In all countries, whether low, middle or high-income, there are wide disparities in the health status of different social groups. The lower an individual’s socioeconomic position, the higher their risk of poor health. MILLIAM MURIGI explores some of these gaps.

Inequities are real and unfair

Health inequities are differences in health status or in the distribution of health resources between different population groups, arising from the social conditions in which people are born, grow, live, work and age. Health inequities are unfair, but could be reduced by the right mix of government policies.

21,000 children die daily before their fifth birthday

They die of pneumonia, malaria, diarrhoea and other diseases. Children from rural and poorer households remain disproportionately affected. Children from the poorest 20 per cent of households are nearly twice as likely to die before their fifth birthday as children in the richest 20 per cent.

Maternal mortality is a key indicator of health inequity

Maternal mortality is a health indicator that shows the wide gaps between rich and poor, both between and within countries. Developing countries account for 99 per cent of annual maternal deaths in the world. In Kenya, maternal mortality has remained high, at 400-600 deaths per 100,000 live births over the past decade.

Tuberculosis is a disease of poverty

Around 95 per cent of Tuberculosis (TB) deaths are in the developing world. These deaths affect mainly young adults in their most productive years. Contracting the disease makes it even harder for these adults to improve their personal economic condition and that of their families.

80 per cent of NCDs are in low and middle-income countries

In low-resource settings, health care costs for non- communicable diseases (NCDs) can quickly drain household resources, driving families into poverty. The exorbitant costs of managing NCDs are forcing 100 million people into poverty annually, stifling development. Poverty is closely linked with NCDs. 

Life expectancy varies by 36 years between countries

In low-income countries, the average life expectancy is 57, while in high-income countries, it is 80. A child born in Malawi can expect to live for 47 years while a child born in Japan can expect to live 83 years.

There are alarming health inequities in rich countries too

For example, in USA, African Americans represent only 12 per cent of the population, but account for almost half of all new HIV infections. There is no biological or genetic reason for these alarming differences in health.

Health disparities are huge in cities

 About 33 per cent of urban dwellers (within the world’s megacities) live in slums.

These populations are more likely to lack health insurance, face barriers to care, receive poorer quality care, and disproportionately use emergency systems. Residents are also in a position to be more exposed to infectious or sexually transmitted diseases, and more likely to be prone to drug or alcohol abuse.

Persistent inequities slow development

Over 800 million people in the world live in slum conditions, representing about one third of the world’s urban population.

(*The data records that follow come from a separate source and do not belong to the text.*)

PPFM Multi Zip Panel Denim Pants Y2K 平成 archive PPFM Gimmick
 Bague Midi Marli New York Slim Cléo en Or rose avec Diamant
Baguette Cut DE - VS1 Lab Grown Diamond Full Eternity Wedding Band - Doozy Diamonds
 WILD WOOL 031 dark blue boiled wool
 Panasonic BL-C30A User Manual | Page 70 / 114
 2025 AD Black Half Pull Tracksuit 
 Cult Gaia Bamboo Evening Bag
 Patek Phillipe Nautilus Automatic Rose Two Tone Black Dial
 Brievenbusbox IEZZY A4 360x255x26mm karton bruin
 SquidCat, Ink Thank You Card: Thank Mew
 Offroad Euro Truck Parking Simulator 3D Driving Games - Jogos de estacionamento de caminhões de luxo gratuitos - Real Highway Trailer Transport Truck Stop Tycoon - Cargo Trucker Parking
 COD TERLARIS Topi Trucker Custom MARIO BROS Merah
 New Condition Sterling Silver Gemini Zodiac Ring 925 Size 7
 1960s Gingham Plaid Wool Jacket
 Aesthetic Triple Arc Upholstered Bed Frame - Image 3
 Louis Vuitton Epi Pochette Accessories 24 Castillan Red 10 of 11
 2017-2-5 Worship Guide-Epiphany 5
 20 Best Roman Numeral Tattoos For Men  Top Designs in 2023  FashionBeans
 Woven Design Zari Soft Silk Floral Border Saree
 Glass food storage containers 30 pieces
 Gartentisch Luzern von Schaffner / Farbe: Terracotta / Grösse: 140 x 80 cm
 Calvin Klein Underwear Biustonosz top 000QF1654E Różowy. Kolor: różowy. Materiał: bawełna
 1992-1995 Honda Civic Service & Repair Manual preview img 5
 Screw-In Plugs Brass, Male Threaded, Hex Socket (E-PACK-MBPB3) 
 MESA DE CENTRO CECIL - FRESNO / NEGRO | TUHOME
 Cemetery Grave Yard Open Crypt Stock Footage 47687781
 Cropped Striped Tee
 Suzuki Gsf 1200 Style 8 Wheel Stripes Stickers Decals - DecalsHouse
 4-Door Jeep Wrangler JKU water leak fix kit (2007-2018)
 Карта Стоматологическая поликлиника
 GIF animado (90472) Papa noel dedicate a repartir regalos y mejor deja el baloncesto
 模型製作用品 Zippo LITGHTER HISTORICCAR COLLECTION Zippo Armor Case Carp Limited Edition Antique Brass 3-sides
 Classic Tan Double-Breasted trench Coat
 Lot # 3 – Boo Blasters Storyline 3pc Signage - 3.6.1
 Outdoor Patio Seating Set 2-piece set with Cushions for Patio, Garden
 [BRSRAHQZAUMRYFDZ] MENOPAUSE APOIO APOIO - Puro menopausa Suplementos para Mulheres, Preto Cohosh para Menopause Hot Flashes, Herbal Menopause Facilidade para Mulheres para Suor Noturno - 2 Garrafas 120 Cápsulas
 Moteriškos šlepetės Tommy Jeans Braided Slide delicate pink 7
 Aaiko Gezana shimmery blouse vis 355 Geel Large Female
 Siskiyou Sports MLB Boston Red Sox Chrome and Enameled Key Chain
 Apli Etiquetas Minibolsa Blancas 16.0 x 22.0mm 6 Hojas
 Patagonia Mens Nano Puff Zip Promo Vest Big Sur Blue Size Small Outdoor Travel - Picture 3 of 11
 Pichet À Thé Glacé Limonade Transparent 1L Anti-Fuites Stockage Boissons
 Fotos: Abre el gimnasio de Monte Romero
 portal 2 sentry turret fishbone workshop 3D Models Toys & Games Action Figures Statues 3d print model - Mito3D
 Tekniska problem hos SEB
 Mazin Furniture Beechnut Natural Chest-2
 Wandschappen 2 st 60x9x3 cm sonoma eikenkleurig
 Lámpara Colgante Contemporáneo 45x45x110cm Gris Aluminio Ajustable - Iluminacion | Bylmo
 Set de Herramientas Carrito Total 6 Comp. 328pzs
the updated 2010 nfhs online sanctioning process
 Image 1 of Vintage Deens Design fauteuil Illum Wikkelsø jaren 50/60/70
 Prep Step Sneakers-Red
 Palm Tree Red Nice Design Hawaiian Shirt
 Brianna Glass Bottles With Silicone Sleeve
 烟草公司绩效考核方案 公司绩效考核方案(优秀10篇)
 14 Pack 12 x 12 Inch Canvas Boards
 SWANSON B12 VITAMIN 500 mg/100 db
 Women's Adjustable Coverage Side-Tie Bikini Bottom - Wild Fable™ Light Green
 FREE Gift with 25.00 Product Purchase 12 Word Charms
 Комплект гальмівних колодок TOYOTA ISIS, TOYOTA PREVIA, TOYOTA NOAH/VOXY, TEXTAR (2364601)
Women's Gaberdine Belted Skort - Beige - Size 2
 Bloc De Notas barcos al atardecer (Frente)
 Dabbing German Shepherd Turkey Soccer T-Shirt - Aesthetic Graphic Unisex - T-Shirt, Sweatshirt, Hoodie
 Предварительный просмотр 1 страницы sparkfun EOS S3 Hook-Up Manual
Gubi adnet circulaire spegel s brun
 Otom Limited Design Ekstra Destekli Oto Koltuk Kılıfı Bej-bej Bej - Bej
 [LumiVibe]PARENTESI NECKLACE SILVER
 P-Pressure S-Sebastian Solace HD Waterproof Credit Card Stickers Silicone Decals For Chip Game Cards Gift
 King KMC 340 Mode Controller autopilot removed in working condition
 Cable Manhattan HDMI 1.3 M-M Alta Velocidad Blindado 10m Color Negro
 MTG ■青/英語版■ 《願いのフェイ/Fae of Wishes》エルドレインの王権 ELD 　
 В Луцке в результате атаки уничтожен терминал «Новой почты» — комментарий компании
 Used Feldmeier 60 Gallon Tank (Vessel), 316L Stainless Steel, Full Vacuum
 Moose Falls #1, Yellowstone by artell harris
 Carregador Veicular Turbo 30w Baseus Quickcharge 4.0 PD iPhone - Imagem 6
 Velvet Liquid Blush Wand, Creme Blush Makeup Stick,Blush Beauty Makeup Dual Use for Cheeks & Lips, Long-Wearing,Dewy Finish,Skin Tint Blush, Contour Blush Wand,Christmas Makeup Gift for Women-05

The likelihood of meeting the health-related Millennium Development Goals is lowered by poor health service delivery to hard-to-reach populations such as these.

Interventions are cost effective

Public health programmes that reduce health inequalities can be cost effective.

Countries can give priority to such programmes (for example, improving access to cervical cancer screening in low income women) on efficiency grounds.

On the other hand, few programmes designed to reduce health inequalities have been formally evaluated using cost effectiveness analysis.